In an example, irradiating light to the target face can be achieved in various ways. As an example, the screen of the terminal device can be used to emit light according to the target RGB value sequence, which is simpler to implement and does not require the use of an external light source device, thereby reducing the implementation cost of the method. As another example, an external light source device can also be used to control the external light source device to emit light according to the target RGB value sequence to form light irradiating the target face.

Secondly, randomly selecting multiple RGB values from the RGB value range for combination can be achieved in various ways. As an example, randomly selecting multiple RGB values from the RGB value range for combination includes: selecting a maximum RGB value and a minimum RGB value from the RGB value range, and randomly selecting at least one target RGB value from the RGB value range, wherein the R component, G component, and B component of the target RGB value are the same, and the target RGB value is between the maximum RGB value and the minimum RGB value; combining the maximum RGB value, the minimum RGB value, and at least one target RGB value to obtain a target RGB value sequence.

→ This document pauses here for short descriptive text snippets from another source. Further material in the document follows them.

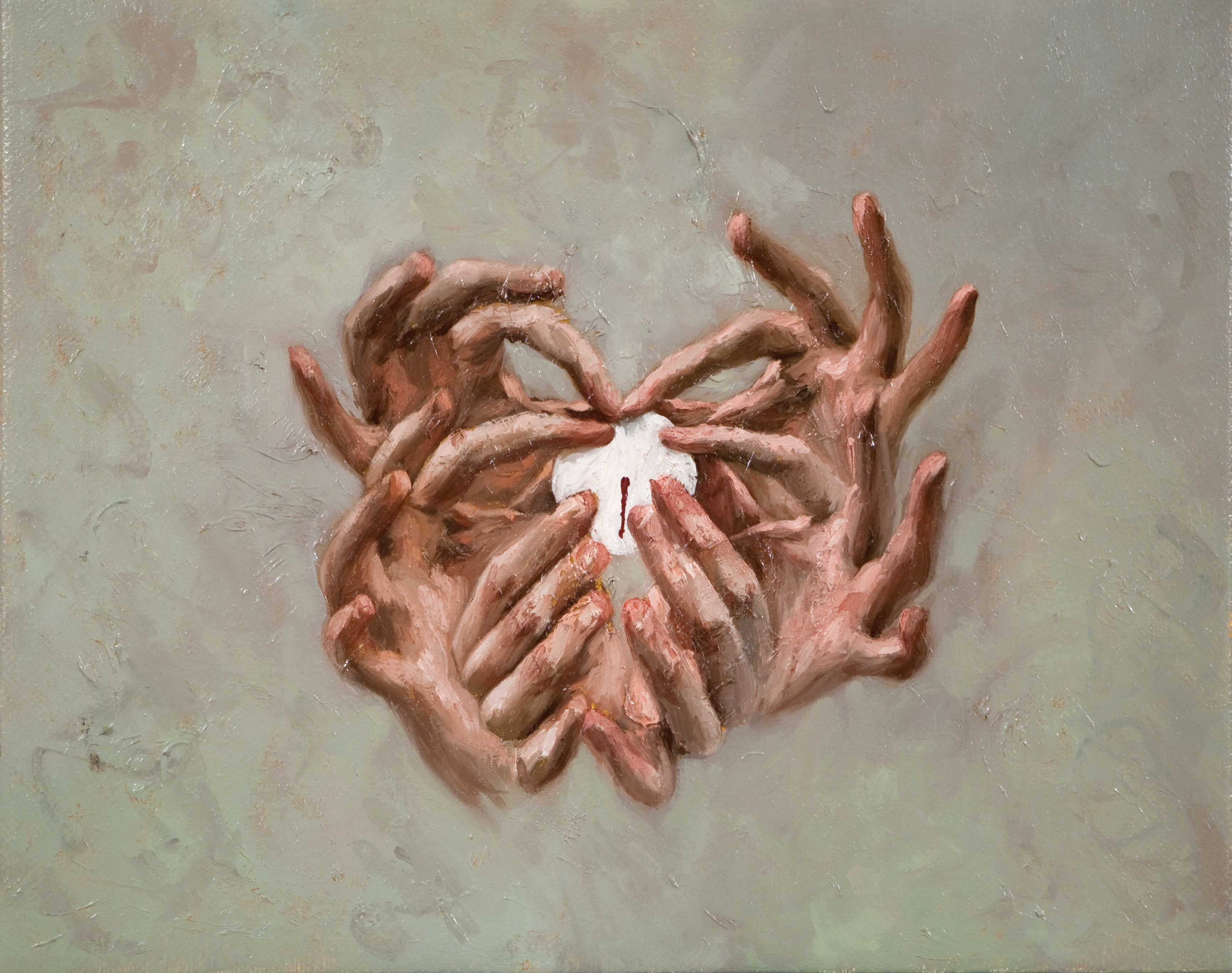 GasparroTransustanziazio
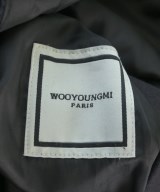 wooyoungmi（ウーヨンミ）その他 紺 サイズ:48(L位) メンズ/2200661679197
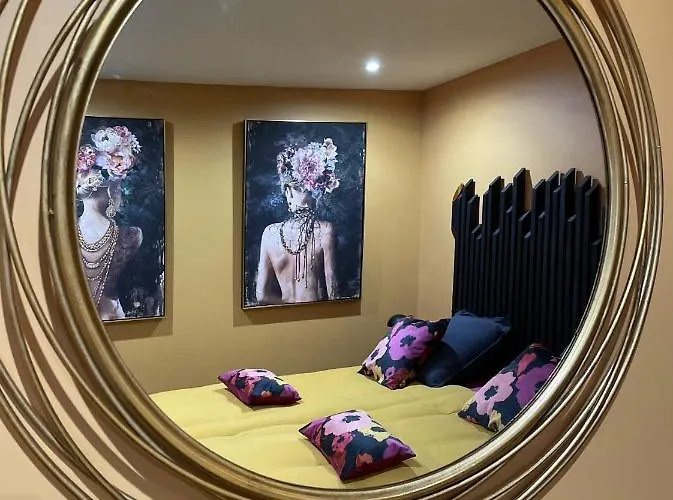 Bed & Breakfast L'annexe Saint-Etienne-les-Remiremont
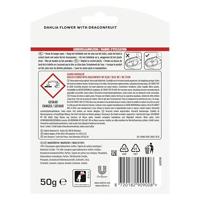 Glorix Aromalux Dahlia Flower With Dragonfruit 9 x 50 g bij Jumbo - thumbnail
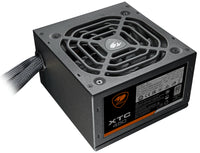 COUGAR CGR ST-750 Netzteil 750 W 20+4 pin ATX Schwarz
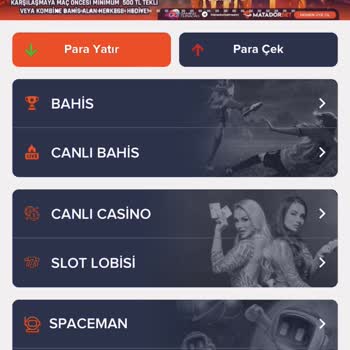 Matadorbet Paramı Alamıyorum El Koydular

For example, at least one target RGB value includes a target RGB value representing light gray and a target RGB value representing dark gray, the maximum RGB value represents white, and the minimum RGB value represents black. The maximum RGB value, the minimum RGB value, and the two target RGB values are randomly combined to obtain a target RGB value sequence. Since the class spacing between black, white, and grayscale colors is small and difficult to distinguish, by combining the RGB values representing these colors, the difficulty of enumerating the target RGB value sequence can be further increased, and the defense against injection attacks can be further enhanced; and by randomly combining these RGB values, the randomness of the target RGB value sequence is further increased, and the difficulty of enumerating the target RGB value sequence is further increased.

In another example, at least one target RGB value includes target RGB values corresponding to various grays, and these target RGB values are randomly combined to obtain a candidate RGB value sequence; then, the minimum RGB value representing black is added before the first RGB value in the candidate RGB value sequence, and the maximum RGB value representing white is added after the last RGB value in the candidate RGB value sequence to obtain a target RGB value sequence. In this combination method, on the one hand, the class spacing between black, white and grayscale colors is small and difficult to distinguish. By combining the RGB values representing these colors, the difficulty of enumerating the target RGB value sequence can be further increased, and the defense against injection attacks can be further enhanced; on the other hand, the light generated based on the target RGB value sequence starts with black light and ends with white light, so that the imaging of the target face in the collected video to be detected presents a regularity of sequence start and end, which helps to improve the accuracy of injection attack detection.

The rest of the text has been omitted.